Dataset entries
..........

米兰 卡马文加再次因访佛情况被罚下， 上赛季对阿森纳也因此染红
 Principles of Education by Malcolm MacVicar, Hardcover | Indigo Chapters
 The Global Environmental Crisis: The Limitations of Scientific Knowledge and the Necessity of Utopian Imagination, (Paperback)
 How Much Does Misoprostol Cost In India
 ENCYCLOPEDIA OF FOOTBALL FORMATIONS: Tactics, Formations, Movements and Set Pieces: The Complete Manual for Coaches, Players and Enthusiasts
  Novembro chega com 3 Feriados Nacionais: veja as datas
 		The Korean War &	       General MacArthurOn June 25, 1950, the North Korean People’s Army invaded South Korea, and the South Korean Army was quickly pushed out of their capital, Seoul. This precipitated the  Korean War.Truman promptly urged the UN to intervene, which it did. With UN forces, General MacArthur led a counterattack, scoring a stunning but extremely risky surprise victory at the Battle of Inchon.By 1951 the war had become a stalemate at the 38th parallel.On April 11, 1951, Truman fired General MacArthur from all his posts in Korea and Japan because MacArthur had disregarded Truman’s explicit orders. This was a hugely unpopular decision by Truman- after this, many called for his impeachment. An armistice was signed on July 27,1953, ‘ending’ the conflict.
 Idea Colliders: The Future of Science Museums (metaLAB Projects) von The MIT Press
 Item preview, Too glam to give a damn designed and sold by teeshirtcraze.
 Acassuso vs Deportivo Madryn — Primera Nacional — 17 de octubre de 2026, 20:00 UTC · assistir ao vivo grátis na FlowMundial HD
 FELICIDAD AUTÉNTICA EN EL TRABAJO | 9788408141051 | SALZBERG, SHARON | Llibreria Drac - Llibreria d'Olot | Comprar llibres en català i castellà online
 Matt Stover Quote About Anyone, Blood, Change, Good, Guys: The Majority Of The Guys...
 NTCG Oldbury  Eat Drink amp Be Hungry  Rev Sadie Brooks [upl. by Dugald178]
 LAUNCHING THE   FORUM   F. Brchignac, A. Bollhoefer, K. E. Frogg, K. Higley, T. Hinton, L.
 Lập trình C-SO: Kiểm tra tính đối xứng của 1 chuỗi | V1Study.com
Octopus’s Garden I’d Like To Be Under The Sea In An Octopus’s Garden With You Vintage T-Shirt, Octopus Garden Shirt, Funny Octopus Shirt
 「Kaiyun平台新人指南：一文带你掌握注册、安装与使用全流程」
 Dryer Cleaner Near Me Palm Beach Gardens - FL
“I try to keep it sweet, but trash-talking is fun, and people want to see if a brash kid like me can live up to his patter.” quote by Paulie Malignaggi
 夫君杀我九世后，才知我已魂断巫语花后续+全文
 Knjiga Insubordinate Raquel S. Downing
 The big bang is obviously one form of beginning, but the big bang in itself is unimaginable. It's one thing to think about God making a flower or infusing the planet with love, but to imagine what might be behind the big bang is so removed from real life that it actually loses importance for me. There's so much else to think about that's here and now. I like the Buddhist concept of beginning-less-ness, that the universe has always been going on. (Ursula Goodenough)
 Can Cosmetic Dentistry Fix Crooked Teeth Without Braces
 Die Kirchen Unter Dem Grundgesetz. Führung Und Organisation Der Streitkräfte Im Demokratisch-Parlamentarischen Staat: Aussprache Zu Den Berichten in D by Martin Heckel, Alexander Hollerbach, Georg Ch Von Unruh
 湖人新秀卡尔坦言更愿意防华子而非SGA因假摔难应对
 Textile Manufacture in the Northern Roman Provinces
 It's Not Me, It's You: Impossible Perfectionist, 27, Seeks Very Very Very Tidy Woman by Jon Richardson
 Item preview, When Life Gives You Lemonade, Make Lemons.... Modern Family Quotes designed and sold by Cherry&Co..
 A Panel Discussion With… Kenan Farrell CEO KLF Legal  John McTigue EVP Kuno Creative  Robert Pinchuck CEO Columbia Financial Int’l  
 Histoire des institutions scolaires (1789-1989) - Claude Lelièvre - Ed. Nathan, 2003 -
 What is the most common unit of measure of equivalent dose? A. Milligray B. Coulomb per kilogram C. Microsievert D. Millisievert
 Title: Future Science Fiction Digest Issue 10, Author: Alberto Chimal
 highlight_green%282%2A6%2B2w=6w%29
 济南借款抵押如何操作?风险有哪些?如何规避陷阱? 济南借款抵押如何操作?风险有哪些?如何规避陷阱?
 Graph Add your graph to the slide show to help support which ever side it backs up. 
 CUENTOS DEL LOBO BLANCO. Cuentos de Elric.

..........

◆ Task brief
Repeat exactly the lines above, starting with the first line of the records and finishing with the line holding "How Much Does Misoprostol Cost In India". Add no other line.

◆ Your solution
米兰 卡马文加再次因访佛情况被罚下， 上赛季对阿森纳也因此染红
 Principles of Education by Malcolm MacVicar, Hardcover | Indigo Chapters
 The Global Environmental Crisis: The Limitations of Scientific Knowledge and the Necessity of Utopian Imagination, (Paperback)
 How Much Does Misoprostol Cost In India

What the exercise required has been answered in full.